### [Task item]
Please return all of the data exactly as written.
[Start of Attachment]
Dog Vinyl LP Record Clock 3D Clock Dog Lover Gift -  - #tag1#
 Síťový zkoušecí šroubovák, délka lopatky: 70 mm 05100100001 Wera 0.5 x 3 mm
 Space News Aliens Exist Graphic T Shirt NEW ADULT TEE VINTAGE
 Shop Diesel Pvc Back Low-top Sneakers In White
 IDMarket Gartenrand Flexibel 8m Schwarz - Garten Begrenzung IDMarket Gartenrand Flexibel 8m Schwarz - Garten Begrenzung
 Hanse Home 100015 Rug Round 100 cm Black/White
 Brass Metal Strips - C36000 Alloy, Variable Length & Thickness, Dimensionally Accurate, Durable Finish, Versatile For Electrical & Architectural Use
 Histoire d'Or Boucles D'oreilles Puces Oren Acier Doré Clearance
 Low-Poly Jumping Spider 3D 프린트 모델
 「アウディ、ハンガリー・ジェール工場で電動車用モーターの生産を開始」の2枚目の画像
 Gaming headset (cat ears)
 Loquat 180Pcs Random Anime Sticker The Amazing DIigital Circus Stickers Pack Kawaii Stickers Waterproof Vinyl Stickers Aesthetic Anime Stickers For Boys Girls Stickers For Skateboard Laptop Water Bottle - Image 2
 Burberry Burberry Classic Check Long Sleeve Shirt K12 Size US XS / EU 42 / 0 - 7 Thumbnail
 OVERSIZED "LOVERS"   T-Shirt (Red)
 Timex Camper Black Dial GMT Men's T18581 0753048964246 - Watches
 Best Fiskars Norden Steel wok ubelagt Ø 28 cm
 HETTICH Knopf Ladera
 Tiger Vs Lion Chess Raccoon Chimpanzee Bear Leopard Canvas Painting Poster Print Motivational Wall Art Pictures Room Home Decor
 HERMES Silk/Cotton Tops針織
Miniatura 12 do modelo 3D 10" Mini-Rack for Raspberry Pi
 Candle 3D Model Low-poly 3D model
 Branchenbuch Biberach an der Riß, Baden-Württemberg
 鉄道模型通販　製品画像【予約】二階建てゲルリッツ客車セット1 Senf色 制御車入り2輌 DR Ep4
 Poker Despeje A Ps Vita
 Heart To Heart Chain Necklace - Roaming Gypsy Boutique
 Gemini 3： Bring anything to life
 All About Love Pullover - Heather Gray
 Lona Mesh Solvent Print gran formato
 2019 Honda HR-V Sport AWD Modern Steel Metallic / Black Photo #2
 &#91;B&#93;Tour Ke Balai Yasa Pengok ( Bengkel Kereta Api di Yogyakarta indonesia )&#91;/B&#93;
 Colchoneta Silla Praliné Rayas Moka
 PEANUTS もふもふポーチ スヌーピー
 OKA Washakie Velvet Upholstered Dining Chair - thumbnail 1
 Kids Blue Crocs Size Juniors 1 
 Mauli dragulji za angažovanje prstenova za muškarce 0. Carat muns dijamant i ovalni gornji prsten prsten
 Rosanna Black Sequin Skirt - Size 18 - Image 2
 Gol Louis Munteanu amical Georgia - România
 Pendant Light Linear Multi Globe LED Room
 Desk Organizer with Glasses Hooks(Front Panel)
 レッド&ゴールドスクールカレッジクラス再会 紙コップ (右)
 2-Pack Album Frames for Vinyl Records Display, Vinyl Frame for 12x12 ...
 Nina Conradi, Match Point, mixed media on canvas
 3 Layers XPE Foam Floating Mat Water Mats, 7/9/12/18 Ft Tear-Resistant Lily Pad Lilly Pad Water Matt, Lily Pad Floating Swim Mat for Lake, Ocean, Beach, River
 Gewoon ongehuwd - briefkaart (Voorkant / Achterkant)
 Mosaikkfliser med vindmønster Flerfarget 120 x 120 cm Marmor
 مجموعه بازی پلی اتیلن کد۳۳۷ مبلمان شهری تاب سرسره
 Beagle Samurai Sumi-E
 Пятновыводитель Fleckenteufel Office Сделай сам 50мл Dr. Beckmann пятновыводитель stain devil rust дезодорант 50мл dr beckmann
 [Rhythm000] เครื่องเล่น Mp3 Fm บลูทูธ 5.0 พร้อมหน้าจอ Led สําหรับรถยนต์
[End of Attachment]
### [Solution below]
Dog Vinyl LP Record Clock 3D Clock Dog Lover Gift -  - #tag1#
 Síťový zkoušecí šroubovák, délka lopatky: 70 mm 05100100001 Wera 0.5 x 3 mm
 Space News Aliens Exist Graphic T Shirt NEW ADULT TEE VINTAGE
 Shop Diesel Pvc Back Low-top Sneakers In White
 IDMarket Gartenrand Flexibel 8m Schwarz - Garten Begrenzung IDMarket Gartenrand Flexibel 8m Schwarz - Garten Begrenzung
 Hanse Home 100015 Rug Round 100 cm Black/White
 Brass Metal Strips - C36000 Alloy, Variable Length & Thickness, Dimensionally Accurate, Durable Finish, Versatile For Electrical & Architectural Use
 Histoire d'Or Boucles D'oreilles Puces Oren Acier Doré Clearance
 Low-Poly Jumping Spider 3D 프린트 모델
 「アウディ、ハンガリー・ジェール工場で電動車用モーターの生産を開始」の2枚目の画像
 Gaming headset (cat ears)
 Loquat 180Pcs Random Anime Sticker The Amazing DIigital Circus Stickers Pack Kawaii Stickers Waterproof Vinyl Stickers Aesthetic Anime Stickers For Boys Girls Stickers For Skateboard Laptop Water Bottle - Image 2
 Burberry Burberry Classic Check Long Sleeve Shirt K12 Size US XS / EU 42 / 0 - 7 Thumbnail
 OVERSIZED "LOVERS"   T-Shirt (Red)
 Timex Camper Black Dial GMT Men's T18581 0753048964246 - Watches
 Best Fiskars Norden Steel wok ubelagt Ø 28 cm
 HETTICH Knopf Ladera
 Tiger Vs Lion Chess Raccoon Chimpanzee Bear Leopard Canvas Painting Poster Print Motivational Wall Art Pictures Room Home Decor
 HERMES Silk/Cotton Tops針織
Miniatura 12 do modelo 3D 10" Mini-Rack for Raspberry Pi
 Candle 3D Model Low-poly 3D model
 Branchenbuch Biberach an der Riß, Baden-Württemberg
 鉄道模型通販　製品画像【予約】二階建てゲルリッツ客車セット1 Senf色 制御車入り2輌 DR Ep4
 Poker Despeje A Ps Vita
 Heart To Heart Chain Necklace - Roaming Gypsy Boutique
 Gemini 3： Bring anything to life
 All About Love Pullover - Heather Gray
 Lona Mesh Solvent Print gran formato
 2019 Honda HR-V Sport AWD Modern Steel Metallic / Black Photo #2
 &#91;B&#93;Tour Ke Balai Yasa Pengok ( Bengkel Kereta Api di Yogyakarta indonesia )&#91;/B&#93;
 Colchoneta Silla Praliné Rayas Moka
 PEANUTS もふもふポーチ スヌーピー
 OKA Washakie Velvet Upholstered Dining Chair - thumbnail 1
 Kids Blue Crocs Size Juniors 1 
 Mauli dragulji za angažovanje prstenova za muškarce 0. Carat muns dijamant i ovalni gornji prsten prsten
 Rosanna Black Sequin Skirt - Size 18 - Image 2
 Gol Louis Munteanu amical Georgia - România
 Pendant Light Linear Multi Globe LED Room
 Desk Organizer with Glasses Hooks(Front Panel)
 レッド&ゴールドスクールカレッジクラス再会 紙コップ (右)
 2-Pack Album Frames for Vinyl Records Display, Vinyl Frame for 12x12 ...
 Nina Conradi, Match Point, mixed media on canvas
 3 Layers XPE Foam Floating Mat Water Mats, 7/9/12/18 Ft Tear-Resistant Lily Pad Lilly Pad Water Matt, Lily Pad Floating Swim Mat for Lake, Ocean, Beach, River
 Gewoon ongehuwd - briefkaart (Voorkant / Achterkant)
 Mosaikkfliser med vindmønster Flerfarget 120 x 120 cm Marmor
 مجموعه بازی پلی اتیلن کد۳۳۷ مبلمان شهری تاب سرسره
 Beagle Samurai Sumi-E
 Пятновыводитель Fleckenteufel Office Сделай сам 50мл Dr. Beckmann пятновыводитель stain devil rust дезодорант 50мл dr beckmann
 [Rhythm000] เครื่องเล่น Mp3 Fm บลูทูธ 5.0 พร้อมหน้าจอ Led สําหรับรถยนต์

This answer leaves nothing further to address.